> [EXERCISE DIRECTIONS]:
Search term "Image": please show all lines in the listing that contain it.

> [ENTRIES SUPPLIED]:
=== Begin Enclosure ===
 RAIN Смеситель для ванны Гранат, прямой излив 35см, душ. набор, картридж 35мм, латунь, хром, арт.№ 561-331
=== End Enclosure ===
=== Begin Enclosure ===
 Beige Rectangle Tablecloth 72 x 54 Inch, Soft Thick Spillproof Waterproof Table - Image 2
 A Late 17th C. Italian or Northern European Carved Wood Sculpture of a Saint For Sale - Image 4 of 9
=== End Enclosure ===
> [EXERCISE RESPONSE]:
 Beige Rectangle Tablecloth 72 x 54 Inch, Soft Thick Spillproof Waterproof Table - Image 2
 A Late 17th C. Italian or Northern European Carved Wood Sculpture of a Saint For Sale - Image 4 of 9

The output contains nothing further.